- [WHAT YOU ARE ASKED TO DO]:
Once you know how many lines below hold "RING", reply with that number and add nothing.

(DATA EXCERPTS begins)

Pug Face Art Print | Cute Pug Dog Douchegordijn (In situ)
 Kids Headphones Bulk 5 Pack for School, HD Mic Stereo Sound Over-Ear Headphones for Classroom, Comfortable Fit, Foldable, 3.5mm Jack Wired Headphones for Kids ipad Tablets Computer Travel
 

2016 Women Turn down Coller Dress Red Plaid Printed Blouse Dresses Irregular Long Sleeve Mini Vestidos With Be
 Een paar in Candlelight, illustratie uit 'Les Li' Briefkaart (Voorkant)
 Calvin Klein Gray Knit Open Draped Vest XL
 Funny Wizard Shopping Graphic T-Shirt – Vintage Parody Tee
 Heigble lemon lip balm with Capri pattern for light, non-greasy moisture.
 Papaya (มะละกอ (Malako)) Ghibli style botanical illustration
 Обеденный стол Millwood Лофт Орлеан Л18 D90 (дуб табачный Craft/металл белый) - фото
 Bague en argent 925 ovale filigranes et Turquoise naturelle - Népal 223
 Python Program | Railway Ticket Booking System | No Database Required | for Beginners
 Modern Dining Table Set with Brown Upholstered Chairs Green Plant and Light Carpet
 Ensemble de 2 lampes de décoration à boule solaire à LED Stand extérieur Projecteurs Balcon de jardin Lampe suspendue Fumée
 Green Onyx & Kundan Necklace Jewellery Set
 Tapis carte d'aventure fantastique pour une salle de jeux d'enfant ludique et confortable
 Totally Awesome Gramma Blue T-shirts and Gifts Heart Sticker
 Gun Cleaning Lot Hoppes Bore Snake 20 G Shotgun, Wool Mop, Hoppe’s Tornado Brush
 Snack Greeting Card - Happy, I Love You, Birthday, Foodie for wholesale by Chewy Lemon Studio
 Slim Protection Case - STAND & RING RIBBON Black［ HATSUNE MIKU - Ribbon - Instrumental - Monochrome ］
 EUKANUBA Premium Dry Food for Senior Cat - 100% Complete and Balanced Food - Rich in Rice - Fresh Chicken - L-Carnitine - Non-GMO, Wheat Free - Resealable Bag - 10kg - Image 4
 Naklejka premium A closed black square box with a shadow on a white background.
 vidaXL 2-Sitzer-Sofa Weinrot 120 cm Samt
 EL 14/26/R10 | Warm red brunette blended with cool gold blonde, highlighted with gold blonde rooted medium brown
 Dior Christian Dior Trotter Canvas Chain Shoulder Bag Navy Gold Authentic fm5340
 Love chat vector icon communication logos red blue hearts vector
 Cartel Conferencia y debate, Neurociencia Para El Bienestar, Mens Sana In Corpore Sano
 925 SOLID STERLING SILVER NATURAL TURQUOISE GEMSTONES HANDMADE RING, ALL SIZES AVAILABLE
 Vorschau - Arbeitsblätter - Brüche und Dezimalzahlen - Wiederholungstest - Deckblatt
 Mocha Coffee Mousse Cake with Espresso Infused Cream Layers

(DATA EXCERPTS ends)

- [FINISHED EXERCISE]:
2